Thursday, June 21, 2007
June 20, 2007
Rep. Diana DeGette, D-Denver, offered the following statement at a press conference in reaction to President Bush's second veto of the Stem Cell Research Enhancement Act.
"President Bush remains stubbornly defiant by once again vetoing potentially life-saving legislation that would give millions of patients and their families hope. Congress gave President Bush another opportunity to do the right thing, but once again he put politics before science.
"The president has become a roadblock to allowing this research to unlock doors to treatments and cures for numerous diseases and conditions — including diabetes, Parkinson's, and multiple sclerosis.
"I can understand why President Bush is hiding from the public to veto this legislation in private — he refuses to meet with us, he refuses to give ground, and he continues to turn his head to the promise of embryonic stem cell research.
"Today's Executive Order by President Bush is not a substitute for the promise of embryonic stem cell research.
"I support all forms of ethical stem cell research. However, the vast majority of scientists agree that embryonic stem cell research offers the greatest promise for developing treatments and cures for countless diseases and conditions. That is why I and a bipartisan majority of Congress feel strongly that we must allow federal funding for embryonic stem cell research.
"While I support these other methods of research, the consensus among the scientific community is that these methods are years behind the progress of embryonic stem cell research.
"An example of this progress was the recent announcement by British scientists that embryonic stem cells may be used to cure a form of macular degeneration within five years. This research was made possible by an anonymous donation from a U.S. donor, who has become frustrated by curbs on stem cell work in this country.
"A recent Gallup Poll found growing support among the American public; nearly 65 percent of the American people support embryonic stem cell research.
"Despite passing both Houses of Congress with broad, bipartisan majorities, the president again turns his back on Congress and the American people.
"The Senate gets it. The House gets it. The American people get it. Why doesn't the president?

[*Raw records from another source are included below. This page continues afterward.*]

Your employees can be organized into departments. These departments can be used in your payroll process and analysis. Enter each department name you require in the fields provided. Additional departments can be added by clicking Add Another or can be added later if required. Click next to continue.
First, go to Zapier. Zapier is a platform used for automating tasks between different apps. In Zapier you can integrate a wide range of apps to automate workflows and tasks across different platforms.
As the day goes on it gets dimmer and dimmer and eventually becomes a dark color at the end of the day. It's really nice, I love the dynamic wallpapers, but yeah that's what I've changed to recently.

"Every time the Congress overwhelmingly passes the stem cell bill, the president calls for additional research that is already under way. He can try to change the debate about stem cell research, but the facts remain: embryonic stem cell research shows the most promise, and is supported by a solid majority of the American public.
"I will not let one stubborn man stand in our way — I am committed to making this bill become law. With every new vote in the House and Senate, we come closer to a veto proof majority.

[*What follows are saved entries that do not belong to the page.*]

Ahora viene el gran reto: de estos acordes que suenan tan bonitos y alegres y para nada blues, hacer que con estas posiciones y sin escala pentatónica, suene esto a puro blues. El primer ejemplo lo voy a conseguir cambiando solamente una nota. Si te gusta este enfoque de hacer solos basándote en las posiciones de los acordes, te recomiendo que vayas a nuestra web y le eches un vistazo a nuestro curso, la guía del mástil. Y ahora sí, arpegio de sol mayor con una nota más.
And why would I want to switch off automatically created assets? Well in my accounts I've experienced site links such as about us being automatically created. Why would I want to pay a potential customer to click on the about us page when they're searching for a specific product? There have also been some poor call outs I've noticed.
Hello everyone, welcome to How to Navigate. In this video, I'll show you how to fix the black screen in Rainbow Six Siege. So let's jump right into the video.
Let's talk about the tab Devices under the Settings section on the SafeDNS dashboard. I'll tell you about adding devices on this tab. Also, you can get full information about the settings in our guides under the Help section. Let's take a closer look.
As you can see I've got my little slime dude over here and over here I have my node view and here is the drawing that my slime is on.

"The 2006 election was largely a referendum on President Bush's policies and the results make clear that his first veto was a mistake.
"As one of the major legislative agenda items of the newly elected Democratic Congress, the House again passed this with an even greater majority in January — of the 16 new Democratic votes in support, 14 were cast by members who defeated or replaced Republicans who opposed this research.
"With the House passage earlier this month, we picked up two more votes. We are making progress towards overriding the president's veto.
"The president can do this the hard way, or the easy way — unfortunately he has chosen the hard way. I will continue to give the president the opportunity to do the right thing."